This is NOT a method to rid yourself of these it simply prevents them from traveling and reproducing and every one you get, is a big victory
More importantly these sticky cards act as a PERFECT TOOL to understand how bad your outbreak or RA population really is and which plants are the most active with RA's

This is key to winning the battle, understanding where the worst micro herds exist and placing these cards near the stems will answer that question, generally speaking
 
I keep seeing people using Orthene/Riptide and burning their plants.. I personally never tried it, but from what i see here , it can cause some damage, obviously

I see where some folks claim they had damage using as little as 10-15 ML/ gal using SPECTRACIDE TRIAZICIDE.. NOT true, as I have used more than that without any real repercussions

AGAIN---- VEG ONLY ON THE SPEC/TRI!!!!
 
I am sure that there are folks that will not agree completely with these methods for various and numerous reasons, and I respect everyones opinion. I am prepared for some skeptics, but doing these things will make your life easier and save you a crap load of money.
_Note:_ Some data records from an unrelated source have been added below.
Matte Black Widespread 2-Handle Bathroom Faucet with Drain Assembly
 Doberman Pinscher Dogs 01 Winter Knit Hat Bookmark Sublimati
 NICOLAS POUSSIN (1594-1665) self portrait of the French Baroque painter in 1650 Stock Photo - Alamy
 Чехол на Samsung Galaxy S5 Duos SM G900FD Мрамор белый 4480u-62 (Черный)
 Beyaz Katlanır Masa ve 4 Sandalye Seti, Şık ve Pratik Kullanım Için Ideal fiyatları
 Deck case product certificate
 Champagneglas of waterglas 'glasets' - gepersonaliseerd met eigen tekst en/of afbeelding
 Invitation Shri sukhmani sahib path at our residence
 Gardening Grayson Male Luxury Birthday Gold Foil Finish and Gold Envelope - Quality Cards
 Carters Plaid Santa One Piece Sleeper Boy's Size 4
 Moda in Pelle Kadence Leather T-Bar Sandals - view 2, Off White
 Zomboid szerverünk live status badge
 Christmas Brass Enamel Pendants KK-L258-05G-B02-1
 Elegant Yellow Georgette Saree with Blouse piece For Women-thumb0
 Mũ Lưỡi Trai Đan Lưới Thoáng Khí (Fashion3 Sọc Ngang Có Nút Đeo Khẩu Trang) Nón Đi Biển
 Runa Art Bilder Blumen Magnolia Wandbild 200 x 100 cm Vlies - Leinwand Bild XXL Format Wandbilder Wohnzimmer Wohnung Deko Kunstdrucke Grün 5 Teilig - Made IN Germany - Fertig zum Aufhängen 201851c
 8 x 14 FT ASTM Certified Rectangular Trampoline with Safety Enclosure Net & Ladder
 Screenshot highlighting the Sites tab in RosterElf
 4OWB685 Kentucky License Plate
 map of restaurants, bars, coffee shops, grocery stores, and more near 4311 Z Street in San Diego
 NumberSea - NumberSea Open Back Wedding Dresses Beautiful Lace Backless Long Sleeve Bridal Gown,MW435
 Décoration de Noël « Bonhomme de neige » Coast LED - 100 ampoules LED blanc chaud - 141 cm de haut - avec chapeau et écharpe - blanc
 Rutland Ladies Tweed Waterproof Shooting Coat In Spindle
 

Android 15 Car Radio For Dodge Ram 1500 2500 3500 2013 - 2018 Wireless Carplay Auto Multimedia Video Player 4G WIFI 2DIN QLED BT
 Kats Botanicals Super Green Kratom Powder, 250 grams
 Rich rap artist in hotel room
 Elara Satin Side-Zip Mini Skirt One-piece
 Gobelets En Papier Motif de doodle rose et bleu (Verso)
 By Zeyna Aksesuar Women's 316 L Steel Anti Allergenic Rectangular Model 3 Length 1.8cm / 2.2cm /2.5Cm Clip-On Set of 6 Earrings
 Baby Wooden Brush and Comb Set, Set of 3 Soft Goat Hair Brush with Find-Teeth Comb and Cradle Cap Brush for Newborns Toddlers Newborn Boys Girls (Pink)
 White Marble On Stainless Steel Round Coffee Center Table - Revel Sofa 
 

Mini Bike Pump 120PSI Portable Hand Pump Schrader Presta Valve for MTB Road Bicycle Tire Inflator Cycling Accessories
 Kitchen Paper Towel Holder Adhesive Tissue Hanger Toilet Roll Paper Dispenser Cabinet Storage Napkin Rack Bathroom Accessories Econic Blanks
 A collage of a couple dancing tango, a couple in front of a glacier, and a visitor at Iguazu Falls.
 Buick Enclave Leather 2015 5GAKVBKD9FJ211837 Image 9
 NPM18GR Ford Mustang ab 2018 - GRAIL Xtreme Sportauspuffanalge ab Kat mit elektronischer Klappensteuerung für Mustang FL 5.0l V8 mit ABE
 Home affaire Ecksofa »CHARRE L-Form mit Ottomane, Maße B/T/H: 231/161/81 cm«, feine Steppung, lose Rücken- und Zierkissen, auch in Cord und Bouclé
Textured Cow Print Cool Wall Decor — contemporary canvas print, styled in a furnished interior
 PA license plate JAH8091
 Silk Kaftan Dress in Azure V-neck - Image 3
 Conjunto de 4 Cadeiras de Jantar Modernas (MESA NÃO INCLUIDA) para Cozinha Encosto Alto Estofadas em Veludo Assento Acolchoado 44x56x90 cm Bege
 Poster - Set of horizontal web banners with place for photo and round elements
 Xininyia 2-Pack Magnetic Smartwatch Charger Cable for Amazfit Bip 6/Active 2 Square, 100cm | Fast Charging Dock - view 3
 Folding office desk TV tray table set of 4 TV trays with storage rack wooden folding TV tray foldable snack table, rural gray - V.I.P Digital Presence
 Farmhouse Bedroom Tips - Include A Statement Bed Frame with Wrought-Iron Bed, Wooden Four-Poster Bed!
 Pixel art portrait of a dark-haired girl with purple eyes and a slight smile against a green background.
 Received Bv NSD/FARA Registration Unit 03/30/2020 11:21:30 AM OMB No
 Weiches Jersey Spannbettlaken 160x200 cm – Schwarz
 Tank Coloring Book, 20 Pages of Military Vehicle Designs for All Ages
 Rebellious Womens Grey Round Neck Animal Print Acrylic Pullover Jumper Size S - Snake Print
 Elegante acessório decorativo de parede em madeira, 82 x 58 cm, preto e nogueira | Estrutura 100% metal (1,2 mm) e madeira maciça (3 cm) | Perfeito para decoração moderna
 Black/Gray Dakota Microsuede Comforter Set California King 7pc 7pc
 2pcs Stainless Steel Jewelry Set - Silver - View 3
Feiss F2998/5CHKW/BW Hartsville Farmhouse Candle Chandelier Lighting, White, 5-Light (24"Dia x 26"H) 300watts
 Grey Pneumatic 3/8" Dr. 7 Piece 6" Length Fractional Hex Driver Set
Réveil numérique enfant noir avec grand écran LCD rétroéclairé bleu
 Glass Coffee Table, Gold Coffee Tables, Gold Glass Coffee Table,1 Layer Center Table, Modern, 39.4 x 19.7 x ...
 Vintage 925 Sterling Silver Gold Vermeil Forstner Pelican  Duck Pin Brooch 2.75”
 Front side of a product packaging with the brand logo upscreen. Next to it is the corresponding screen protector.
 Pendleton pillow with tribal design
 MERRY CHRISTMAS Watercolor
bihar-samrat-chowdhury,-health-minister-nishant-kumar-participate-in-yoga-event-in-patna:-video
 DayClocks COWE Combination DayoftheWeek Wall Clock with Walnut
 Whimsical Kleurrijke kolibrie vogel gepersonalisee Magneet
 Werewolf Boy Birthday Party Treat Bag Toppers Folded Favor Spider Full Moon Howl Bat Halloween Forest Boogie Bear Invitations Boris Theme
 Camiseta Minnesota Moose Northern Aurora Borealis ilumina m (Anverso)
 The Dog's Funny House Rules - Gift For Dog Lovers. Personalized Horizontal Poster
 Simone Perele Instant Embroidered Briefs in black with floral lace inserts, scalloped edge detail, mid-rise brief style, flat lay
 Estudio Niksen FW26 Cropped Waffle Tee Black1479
Having said that, there is so much garbage in this forum that will lead you on a wild goose chase and I simply wanted to give my hard earned 2 cents in hopes to help my fellow cannabis lovers out there will beat this pest

I also will say this, as far as the chemicals go, this is NOT intended to be a permanent regiment by ANY means, just a way to boot them out the door, if you will. As far as the SNS goes, I love it and since I can use it a lll the way throughout the plant s life, I will continue to have it on hand and won't hesitate to use it at the sight of ANY new pests of any kind near my plants
 

Shoots

Member
I went ahead and did a orthene dunk over two weeks ago and the plants didn't like it much but neither did anything else in the soil. Im aphid free right now and getting back on track. It was a trying time for me. Lost some patients as I won't have any untreated medicine for awhile. I only used the nasty stuff since I just wanted the things gone and i could start putting plants through flower agin without them being attacked in the first week being introduced to my bloom room.
 
AND>>>>> If you are just now finding out that you have RA's and have never had them before, Prepare to start a new relationship with you garden. A different, closer and more intimate relationship. Now, I know this sounds corny, cause we all would like to think that we have ALWAYS been attentive to fine details. NO we haven't..
I had learned about spider mites many years ago. Now, even them can be illusive, but they are fairy easy to spot and certainly much easier to eradicate then RA's, even in flower.
Root aphids in an indoor environment without natural predators is a natural and logistical nightmare, so to speak. They never stop reproducing and their populations, assuming they have food, (roots), will get to unbelievable levels and stopping that, once they pass a certain stage in #'s is almost impossible.. ALMOST

SO- Like I was saying earlier, about our relationships with our gardens, learning about the behaviors of these buggers by reading but most importantly, WATCHING THEM

Nymphs? Flier's? Microherd?



Ok so the last one is tough to observe, but, the nymphs and the fliers, from my observations have taught me how to get them.
I like to keep trays and other items near the plant white colored so I can see any anomalies moving about. The nymphs are very small but move quickly so if you are thinking your latest treatment is working and you see movement anywhere (unless they are hypoapsis miles and your running organic), back to square 1. RE-TREAT!!!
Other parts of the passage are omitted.